--- Material supplied ---

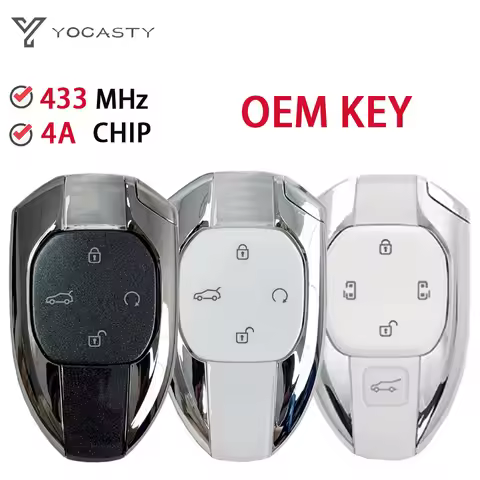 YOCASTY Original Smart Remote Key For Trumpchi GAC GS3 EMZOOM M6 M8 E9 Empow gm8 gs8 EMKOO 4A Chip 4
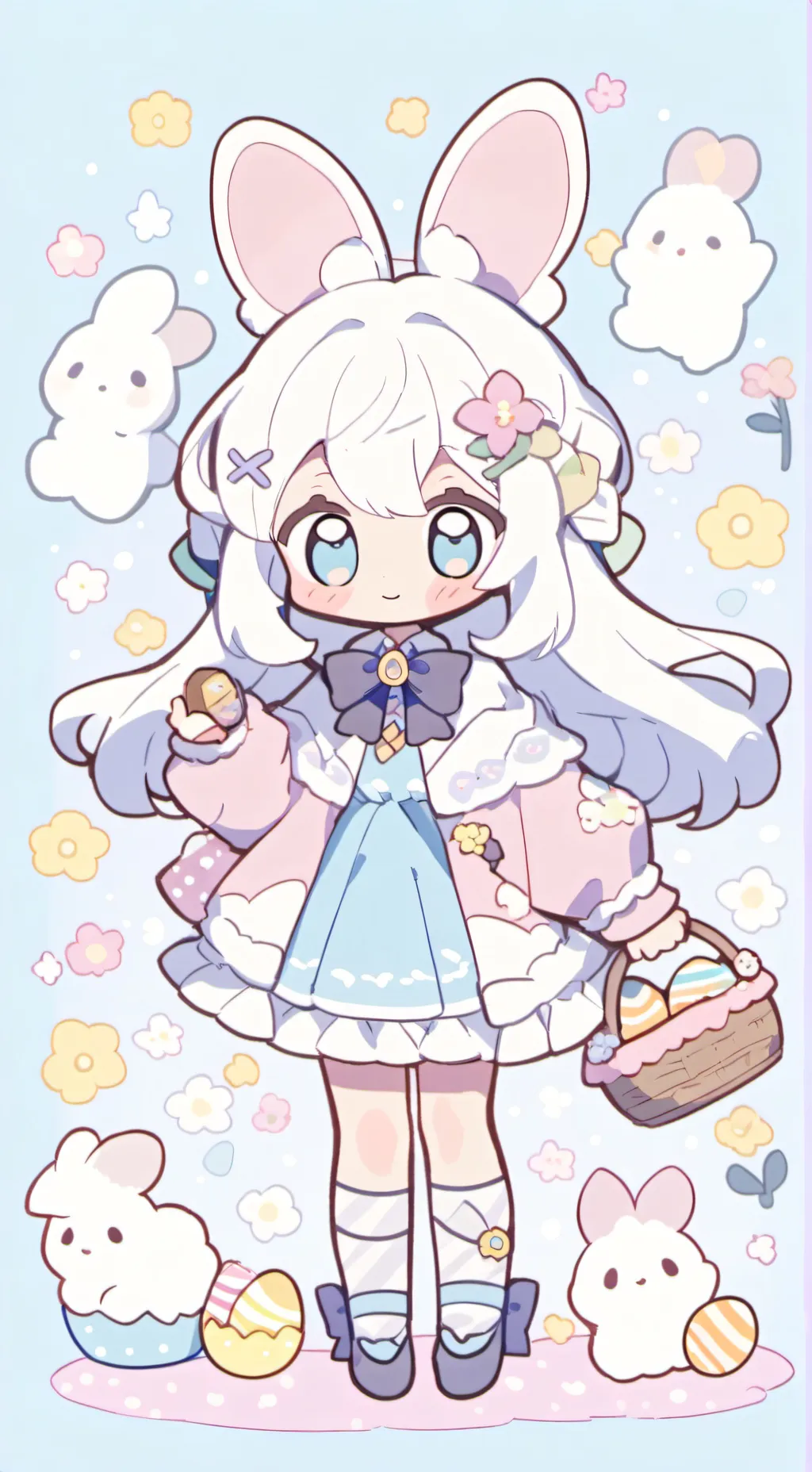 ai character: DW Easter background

---
--- Material supplied ---

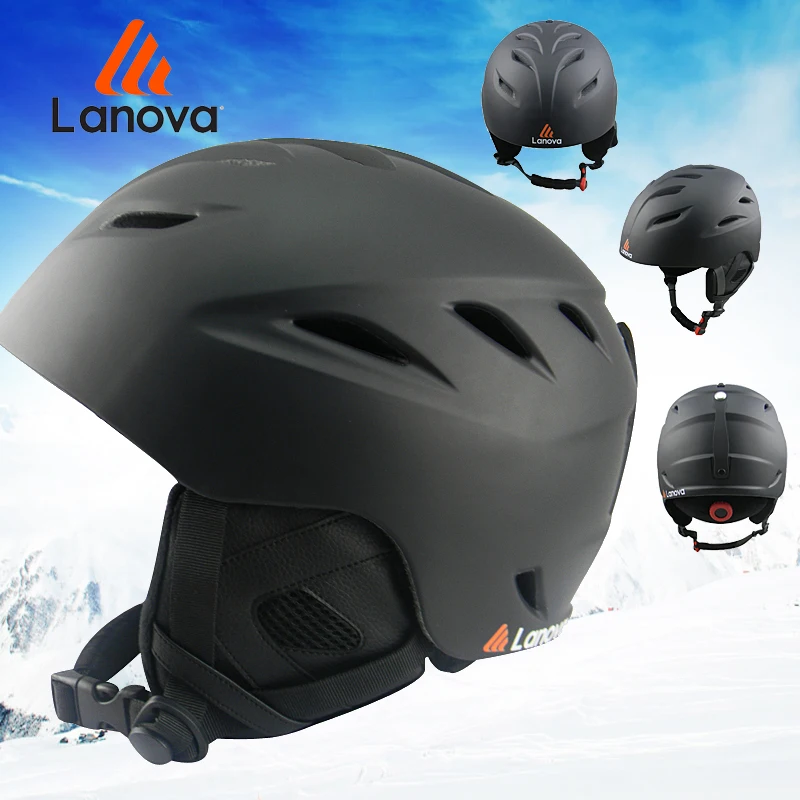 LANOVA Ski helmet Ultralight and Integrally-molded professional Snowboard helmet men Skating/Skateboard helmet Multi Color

---

Try it: Return the material from the line containing "YOCASTY Original Smart" through the line containing "ai character: DW Easter background", exactly and in full, but without its pictures.

Result for this task:
 YOCASTY Original Smart Remote Key For Trumpchi GAC GS3 EMZOOM M6 M8 E9 Empow gm8 gs8 EMKOO 4A Chip 4
 ai character: DW Easter background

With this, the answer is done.